- Would people please quit making excuses for the Russian team? They sucked. They suck. They will suck. They have a handful of players with great skills who are wildly overrated by the US hockey media, who will frankly cheer for anything that’s not Canadian because they are deep down boosters and can’t stand watching their boys (and girls) lose to Canada.
Case in point: A.O. Alex Overrated. Look, he’s got a great shot and when he’s motivated he works really hard. He’s a great straight-line skater with above-average stickhandling and slick power moves. Hey, I just described Ricky Vaive! OK, that’s low. He’s better than Vaive … although strangely no more effective.

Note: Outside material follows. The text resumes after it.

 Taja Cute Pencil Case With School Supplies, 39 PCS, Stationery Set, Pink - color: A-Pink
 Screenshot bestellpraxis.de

- Would the American team (and media) stop making excuses for the American team? Anonymous “players” blamed the ice at the Bolshoi arena for their play down the stretch. A couple of their players said Team USA somehow “didn’t show up” in the game vs. Canada. Maybe you showed up but aren’t good enough?
- Half of the leads on the gold medal game talked about a banged-up Swedish team because they’re missing Zetterberg, one of the Sedin twins and now Niklas Backstrom. Good thing Canada wasn’t missing any top players. Oh yeah, besides Steve Stamkos and John Tavares. Yes, it’s less critical for Canada because of the depth (Matt Duchesne played well in the gold medal game, filling in for Tavares on a line with Martin St. Louis, the replacement for Stamkos). But it’s an excuse. Anybody really think Backstrom would have made a difference when, on Sweden’s second power play, the scoring chances were 2-0 for Canada?
- One more excuse to
shoot downnote … Russians blaming their coaching staff because putting Ovechkin on the point on the power play took away his scoring chances. Drew Doughty scored twice in one game (four overall) coming off the point, Eric Karlsson had eight points. With teams sagging into the slot, the point was the best place to score from.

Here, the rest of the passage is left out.